La population tibétaine (ou thakali) s'élève à quelque 9 000 habitants appelés Lo-ba et répartis entre les trois « villes » et trente villages plus petits. La majeure partie de la population vit sur les rives de la Kâlî Gandhakî, entre 2 000 et 3 000 m d'altitude, mais, du fait des conditions climatiques rigoureuses, elle opère une importante migration saisonnière vers les régions plus basses du Népal.

Le Mustang serait peuplé d'environ 10 000 habitants, principalement des paysans pauvres. Le manque de perspective pousse beaucoup de jeunes à descendre dans les vallées, à Katmandou ou, plus au sud, en Inde pour chercher du travail[5].

Transports

Jomoson est doté d'un aéroport depuis 1962, ce qui en fait l'accès touristique principal du Mustang, depuis que la région a été ouverte aux étrangers en 1992.

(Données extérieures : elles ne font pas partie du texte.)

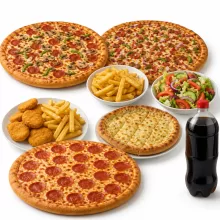 PIZZA DEALS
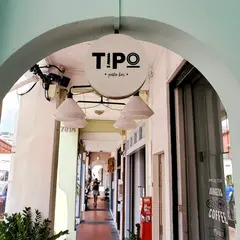 Tipo Pasta Bar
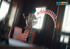 Raven haired fairy fucks a brunette using her big metal penis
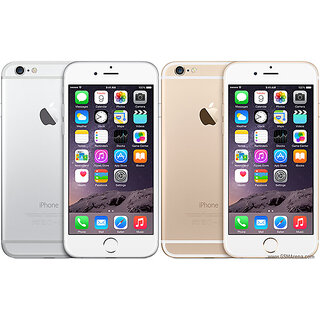 (Refurbished) Iphone 6 (64 GB) - Superb Condition, Like New (Refurbished) Iphone 6 (64 GB) - Superb Condition, Like New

La campagne n'est encore accessible qu'à pied ou à cheval. La construction d'une route précipitera bientôt ce territoire hors du temps en plein XXIe siècle[6].

Économie

La capitale est Lo Mantang, elle abrite quelque 1 000 habitants. Le centre administratif du district de Mustang où vivent 5 363 habitants[7], se trouve à Jomoson[8].

Les alpages

Le tourisme

Une taxe imposée par les autorités népalaises exige de s'acquitter d'un montant de 50 dollars US par jour et par personne pour visiter la région. Cette taxe instaurée dans les années 1990 devrait, pour 60 % au moins, servir au développement de la région. Dans les meilleures années, les lowas ont reçu tout juste 10 % des montants prélevés[réf. nécessaire].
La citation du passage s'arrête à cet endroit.